● Directions for this task: Starting at the line that has "BCX56-16HE3-TP晶体管TRANS NPN 80V 1A SOT-89" and stopping after the line that has "My Desire Is Not a Sin Chapter 24 Gambar 57", reproduce the listing below exactly; omit everything else.

● Given data:
▼▼▼

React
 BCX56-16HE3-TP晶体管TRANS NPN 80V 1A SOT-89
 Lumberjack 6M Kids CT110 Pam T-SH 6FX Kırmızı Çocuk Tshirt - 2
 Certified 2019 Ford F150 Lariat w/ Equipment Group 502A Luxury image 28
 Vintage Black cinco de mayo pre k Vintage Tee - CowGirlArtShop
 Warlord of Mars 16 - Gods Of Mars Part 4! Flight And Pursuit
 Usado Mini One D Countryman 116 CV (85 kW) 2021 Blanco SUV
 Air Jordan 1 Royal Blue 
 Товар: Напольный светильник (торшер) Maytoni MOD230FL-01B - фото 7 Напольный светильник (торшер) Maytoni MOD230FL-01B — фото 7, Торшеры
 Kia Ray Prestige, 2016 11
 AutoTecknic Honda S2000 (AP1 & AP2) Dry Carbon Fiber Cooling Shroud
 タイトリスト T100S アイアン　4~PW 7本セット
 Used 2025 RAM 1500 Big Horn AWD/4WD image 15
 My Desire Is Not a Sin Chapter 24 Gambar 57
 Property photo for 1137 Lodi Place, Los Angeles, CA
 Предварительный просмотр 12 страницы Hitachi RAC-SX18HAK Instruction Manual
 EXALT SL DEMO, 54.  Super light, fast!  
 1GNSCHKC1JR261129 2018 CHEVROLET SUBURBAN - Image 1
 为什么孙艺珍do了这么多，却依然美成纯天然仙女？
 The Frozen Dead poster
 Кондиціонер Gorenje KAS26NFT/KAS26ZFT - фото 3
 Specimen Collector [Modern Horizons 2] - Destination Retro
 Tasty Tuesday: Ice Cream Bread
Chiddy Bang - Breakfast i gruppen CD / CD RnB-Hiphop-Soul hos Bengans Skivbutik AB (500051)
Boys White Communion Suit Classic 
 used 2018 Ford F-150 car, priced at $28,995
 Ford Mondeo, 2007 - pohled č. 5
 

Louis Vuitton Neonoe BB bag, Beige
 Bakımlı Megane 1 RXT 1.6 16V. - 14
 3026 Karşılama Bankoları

▲▲▲

● Written solution:
 BCX56-16HE3-TP晶体管TRANS NPN 80V 1A SOT-89
 Lumberjack 6M Kids CT110 Pam T-SH 6FX Kırmızı Çocuk Tshirt - 2
 Certified 2019 Ford F150 Lariat w/ Equipment Group 502A Luxury image 28
 Vintage Black cinco de mayo pre k Vintage Tee - CowGirlArtShop
 Warlord of Mars 16 - Gods Of Mars Part 4! Flight And Pursuit
 Usado Mini One D Countryman 116 CV (85 kW) 2021 Blanco SUV
 Air Jordan 1 Royal Blue 
 Товар: Напольный светильник (торшер) Maytoni MOD230FL-01B - фото 7 Напольный светильник (торшер) Maytoni MOD230FL-01B — фото 7, Торшеры
 Kia Ray Prestige, 2016 11
 AutoTecknic Honda S2000 (AP1 & AP2) Dry Carbon Fiber Cooling Shroud
 タイトリスト T100S アイアン　4~PW 7本セット
 Used 2025 RAM 1500 Big Horn AWD/4WD image 15
 My Desire Is Not a Sin Chapter 24 Gambar 57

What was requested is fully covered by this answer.